US President Barack Obama's candidate to run the CIA defended drone strikes as a vital "last resort" against terrorists today despite criticism from senators about the secrecy surrounding the raids.
John Brennan faced repeated questions at his confirmation hearing over the targeted killings, which have even involved US citizens not charged with any crime.
Although Mr Brennan is expected to win approval as the new CIA head, some senators seized on the hearing to question the legality of the drone raids.
Democratic senators demanded that the administration shared more information about the strikes with Congress and the public.
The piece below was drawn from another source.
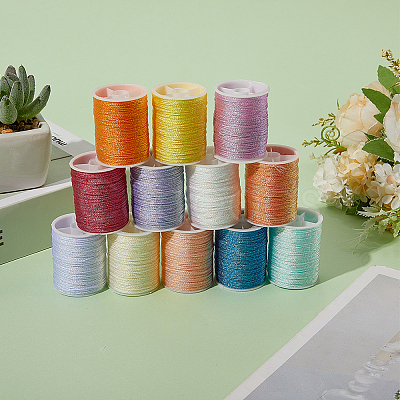 12 Rolls 12 Colors Metallic Sewing Thread OCOR-CY0002-02B-1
"It's the idea of giving any president unfettered power to kill an American without checks and balances that's so troubling," said Oregon Democratic Senator Ron Wyden.
The hearing before the Senate intelligence committee had hardly begun before protesters opposed to the drone attacks disrupted the proceedings, heckling Mr Brennan before police cleared the hall.
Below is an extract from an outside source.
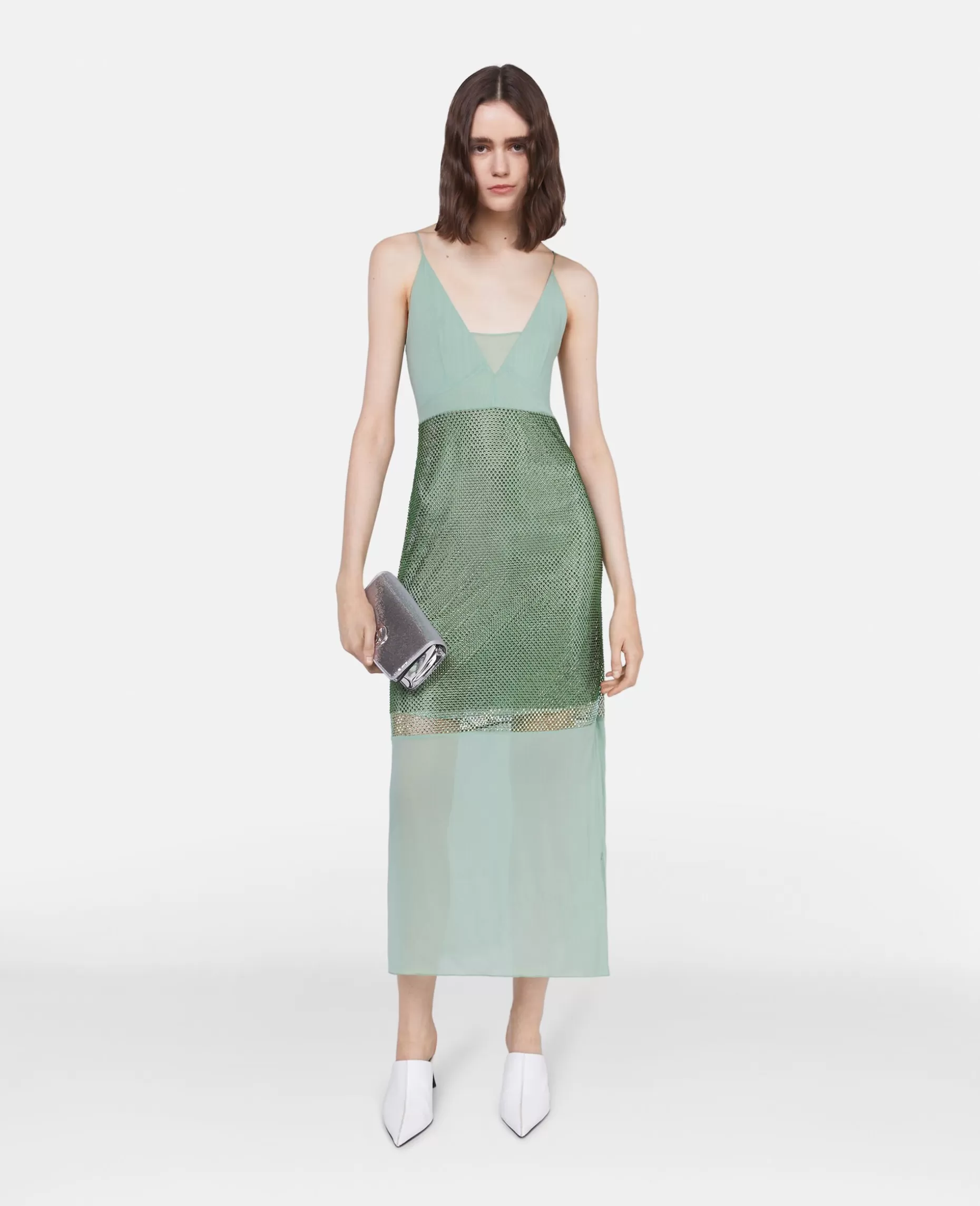 Krystal Panel Satin Slip Kjole^Stella McCartney Fashion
As police removed protesters and other guests from the hearing room, one woman shouted: "This is a war criminal. He should not be confirmed."
But Mr Brennan insisted: "We only take such actions as a last resort to save lives."
The hearing shone a rare public spotlight on President Obama's drone campaign and associated missile strikes involving hundreds of bombing raids by robot aircraft in Pakistan, Yemen and elsewhere.
The administration has sought to maintain strict secrecy over the raids but the threat of lawsuits and frustration from Congress has built pressure to defend the drone campaign publicly.